Anterior crossbites, whether dental or skeletal in origin, should be treated promptly to prevent further complications. Depending on the specific characteristics of the crossbite, treatment options include removable and fixed appliances. An important risk factor for the development of anterior crossbites is tonsillar hypertrophy. Children with tonsillar hypertrophy should therefore be promptly referred to an ENT specialist [97-101].
Posterior Crossbites
Crossbites can be anterior, posterior, or both, with etiologies including dental discrepancy, skeletal discrepancy, or a combination of both. The prevalence of crossbites ranges between 8% and 22% [99]. A posterior crossbite, specifically, is an abnormal buccolingual relationship of premolars and molars in centric occlusion [98,99]. It is recommended to correct posterior crossbites at the earliest opportunity with the help of removable orthodontic appliances. In children with genetic maxillary underdevelopment, protraction headgear or FR III appliances can promote maxillary growth [100].

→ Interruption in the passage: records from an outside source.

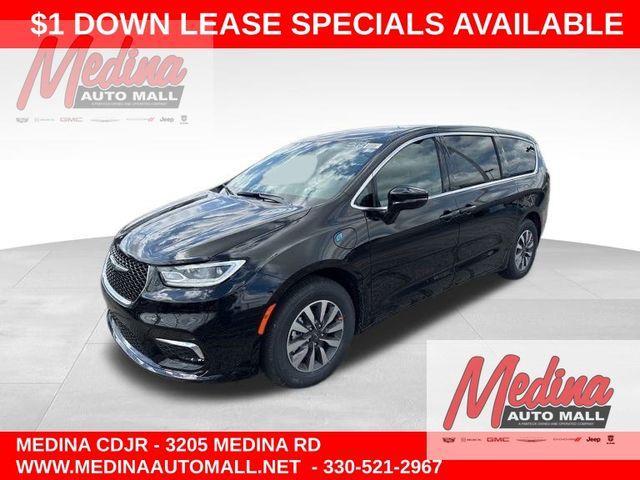 new 2025 Chrysler Pacifica Hybrid car, priced at $39,067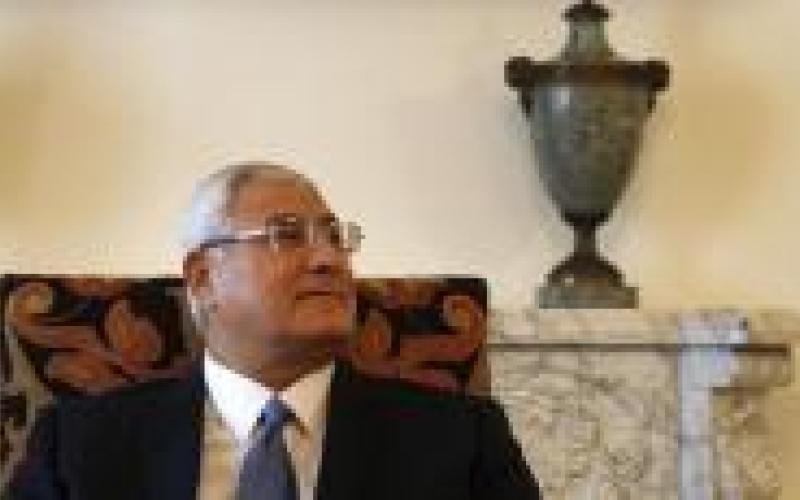 الرئيس المصري سيدعو لانتخابات رئاسية في آذار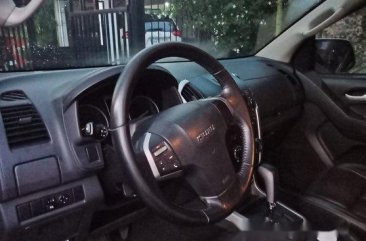 Sell Red 2014 Isuzu D-Max at Automatic Diesel at 48000 km in Angeles City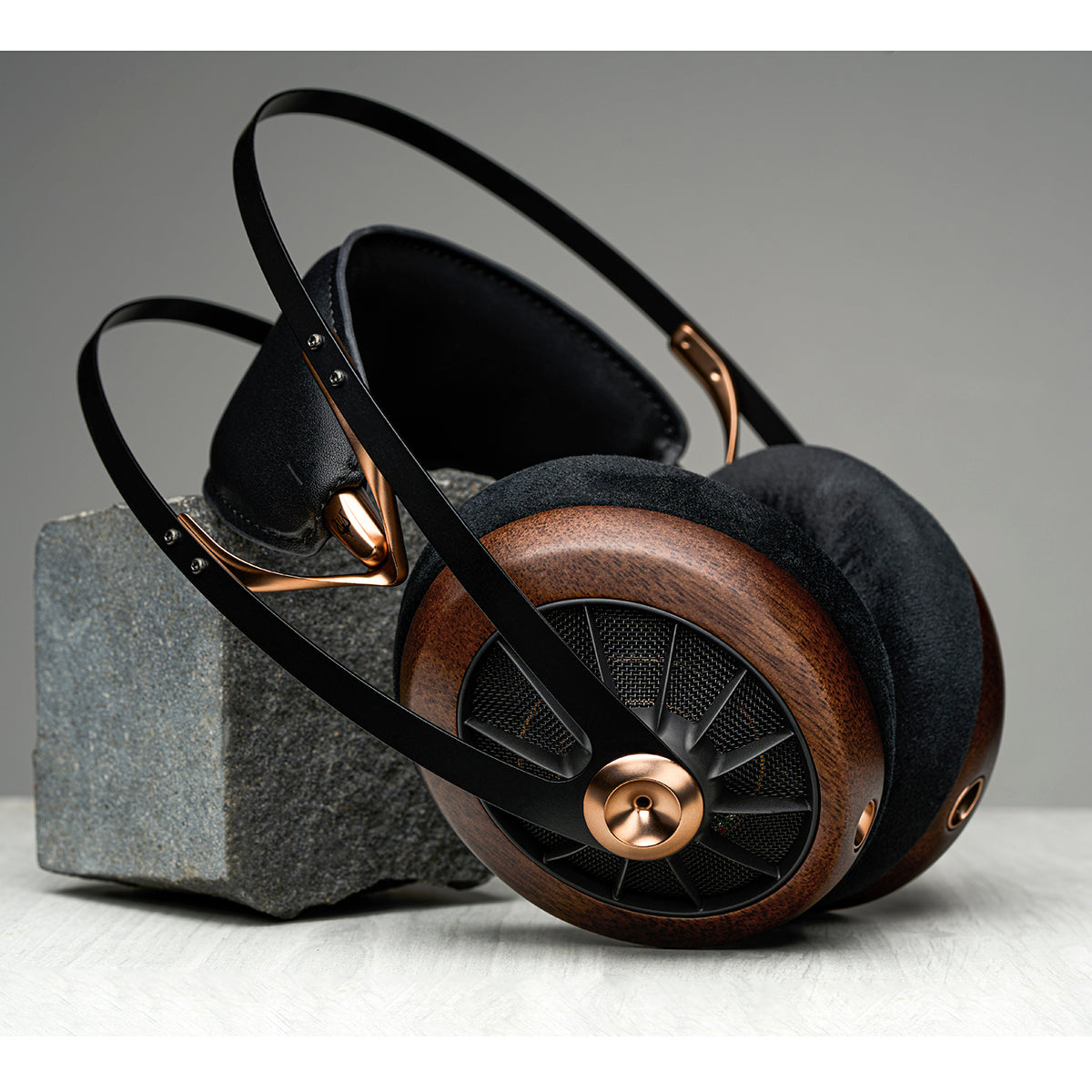 Meze 109 PRO Premium Package with 4.4mm Copper Balanced PCUHD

Posterior crossbites of dental origin are evident due to the tipping or rotation of a tooth or segment of teeth without involving basal bones. Posterior skeletal crossbites involve a combination of lingual inclination of maxillary teeth to mandibular teeth associated with basal bone discrepancy, usually a constricted maxilla with arch length discrepancy [102]. A child may present with either unilateral or bilateral crossbites. Sometimes, a bilateral crossbite creates occlusal interferences in centric occlusion, causing a functional shift of the mandible to one side, clinically presenting as a unilateral crossbite [103]. Posterior crossbites, if not corrected at an early age, may hamper the transverse and anteroposterior growth of the maxillomandibular complex. There is a high chance that this malocclusion will also manifest in permanent dentition, causing facial asymmetries and TMDs [104]. The ideal time to achieve skeletal expansion with long-term stability in insufficient arch width and length or non-coordination of upper and lower arches is from seven to 10 years of age, i.e., before the mid-palatine sutures are fused [105].
Maxillary expansion is the common orthodontic treatment used to correct skeletal posterior crossbites in children. This correction of transverse maxillary deficit can be achieved through either rapid maxillary expansion (RME) or slow maxillary expansion (SME). Both procedures have demonstrated orthopedic effects on maxillary constriction in growing patients [106,107]. RME brings about changes in the maxilla by distributing higher forces in a short period, whereas SME produces lower forces over a longer duration. However, SME has demonstrated more stable and physiologic expansion of maxillary sutures with better bone remodeling [108]. Maxillary expansion occurs at a rate of 0.25-0.5 mm per day until the required expansion is achieved. The typical clinical sign of expansion is the development of a transient midline diastema [97]. Some patients may experience a sensation of pressure at the nasofrontal and other circummaxillary sutures. Slight overexpansion is recommended to accommodate anticipated dental and skeletal relapse. Once the expansion is achieved, bone remineralization in sutures takes place in 3-6 months [109]. If the expander is removed before bone remineralization, it may lead to relapse. Therefore, it must be immediately replaced with retention in some other form, usually a TPA [110].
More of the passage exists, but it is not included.